А украинский бизнес, я считаю, регрессирует. Он становится все менее доходным и более скучным, однообразным и бессмысленным.
– Почему?
– С общим экономическим упадком в стране упадок происходит и в этом виде искусства. Он особенно зависим от экономической ситуации, потому что количество концертов зависит от того, есть ли у зрителя деньги. Есть спрос – снимаются хорошие клипы, появляются новые исполнители, а нет спроса – ничего не появляется.
«Женщина дает ощущение того, что твоя жизнь не бессмысленна»
– Хочу задать несколько личных вопросов. А можно работать, если выпил? Некоторые работают легко.
– Нет. Стоит мне выпить полбокала пива, и я понимаю, что в таком состоянии работать не могу. Это индивидуальный труд, нельзя замыливать мозг. По крайней мене, у меня не получается.
– В вашей жизни было, есть и будет определенное количество женщин. Дали они то, чего вы ожидали от них в юности?
– Мне кажется, женщины дали мне гораздо больше, чем я от них ожидал. Женщина дает ощущение того, что твоя жизнь не бессмысленна. Это похоже на легкий наркотик: ты влюбляешься – и на некоторое время становишься не совсем адекватным человеком.
Музыка и любовь – вещи абсолютно неразделимые. Свои лучшие песни я написал, когда меня это чувство переполняло и зашкаливало.

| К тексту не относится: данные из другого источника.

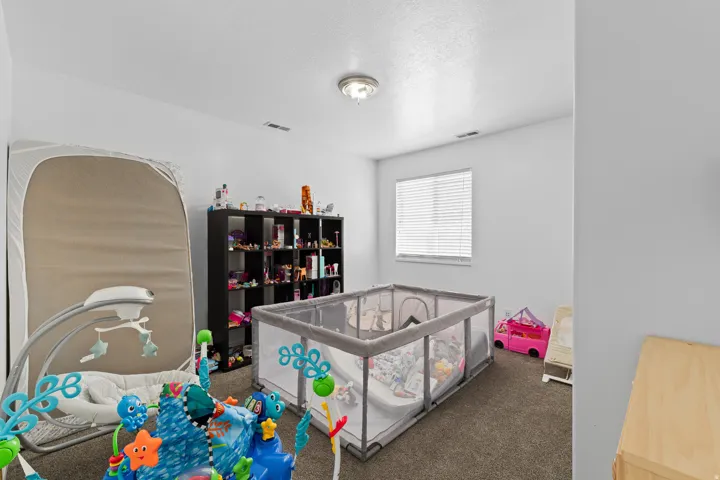 Room featuring light gray walls, a window with horizontal blinds, and a flush-mount ceiling light fixture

– Есть ли люди, с которыми вы любите общаться?
– Безусловно. Их достаточное количество, их несколько.
– Характерное для вас уточнение: их много – несколько.

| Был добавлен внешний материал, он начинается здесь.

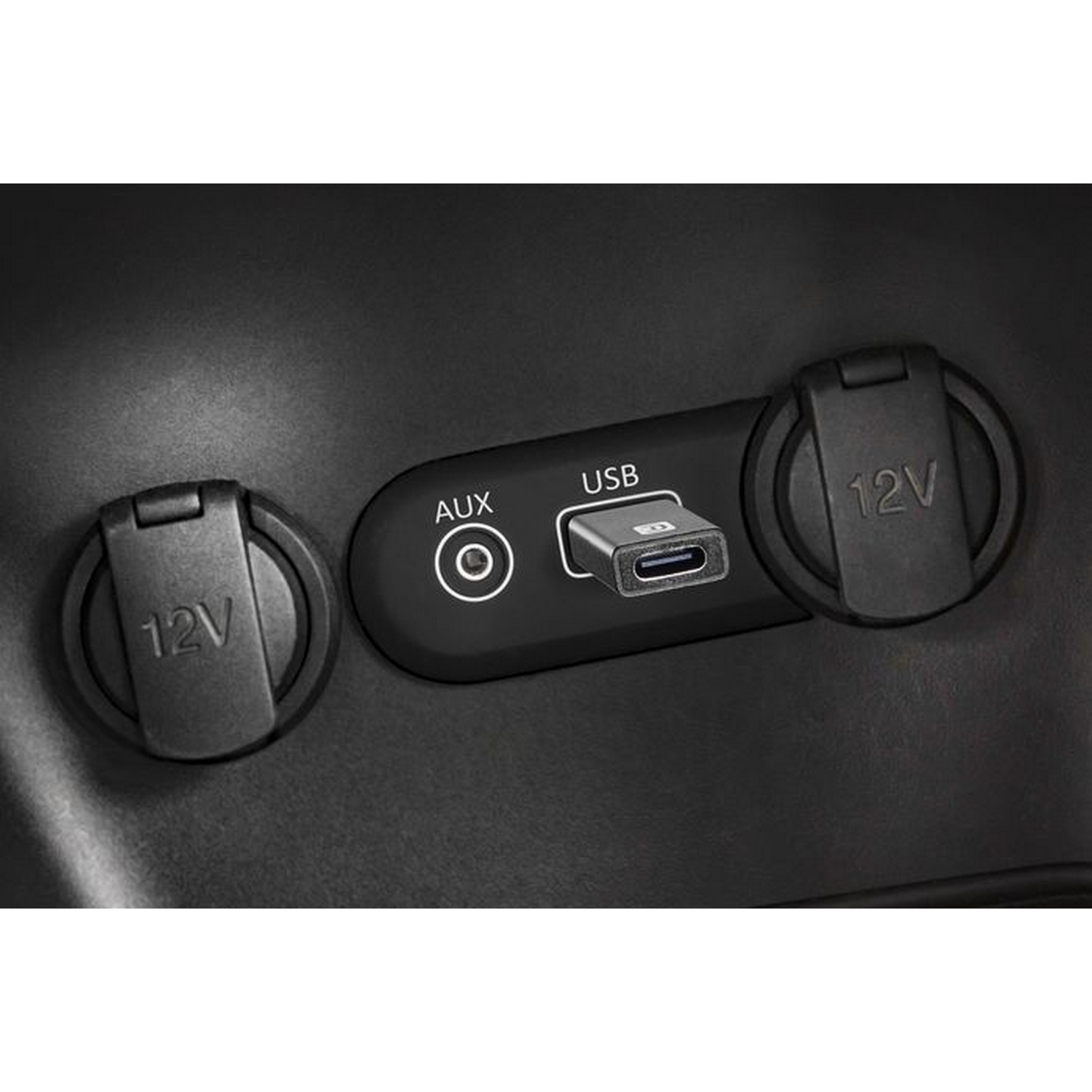 Consola de coche con puertos USB, AUX y 12V. El puerto USB tiene un adaptador USB-C conectado.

– Этот круг неизменен. Это Валера, родители, любимая женщина… Это мой друг.
– А кто ваш друг? Музыкант?
– Он не имеет ни малейшего отношения к музыке, и в этом его прелесть. Я с ним дружу уже 19 лет. Мы разговариваем на совершенно разные темы.

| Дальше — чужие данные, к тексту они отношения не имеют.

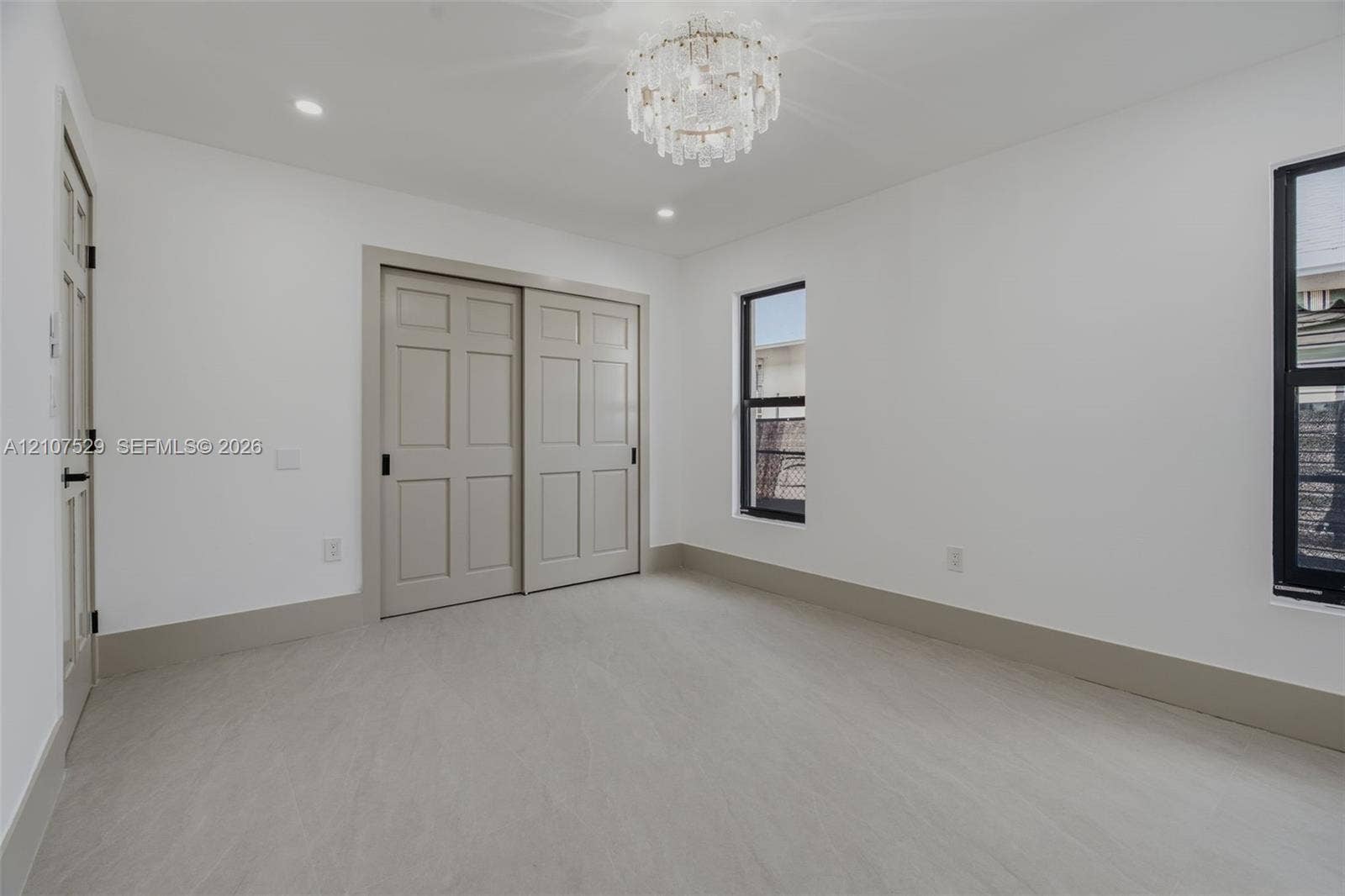Interior space featuring light-toned tile flooring, neutral walls, a tiered crystal-style flush mount ceiling fixture, and recessed lighting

– Есть какой-то поступок, который вы не совершили, и жалеете об этом?
– Есть поступки, которые я совершил, и жалею. Очень.
– Какое свойство юности вы хотели бы вернуть?
– Оптимизм и отсутствие мудрости – прекрасное чувство.
– Оно лишает страха, конечно.
– Абсолютно самонадеян, невероятно тщеславен и у тебя ощущение, что ты можешь добиться всего, у тебя все впереди и времени хватит на все. Увы, сейчас я так не думаю.
– Без какого элемента комфорта вы не можете обойтись?
– Мне необходимо место, где я могу побыть один.
– Тема номера, в котором выйдет ваше интервью, – мужской мир. Это придуманное понятие, с вашей точки зрения: Джеймс Бонд, война, женщины, запах костра? Или существует некий мир, который вы для себя условно назвали мужским, в котором нет места женщинам?
– Существует мир, в котором нет места женщинам, и наоборот. Я в этом убежден. У мужчины должно быть время, когда он находится без женщин, это совершенно точно. У мужчин есть какие-то темы для разговора, какие-то занятия, которые совершенно неинтересны женщинам.
– Что это за темы?
– Да куча разных тем. И спорт, и политика, и какие-то свои, совсем мужские программы по телевидению, которые ты можешь смотреть только в компании мужчин. Машины, разговоры о машинах, о женщинах в том числе.
– А о чем вы говорите с женщинами?
– С женщинами можно говорить о семье, о будущем, о детях, о моде, музыке, шоу-бизнесе. Сплетничать на любую тему. Интересно, как они смотрят на мир, как они оценивают того или иного человека. Чаще всего они оценивают его не так, как ты.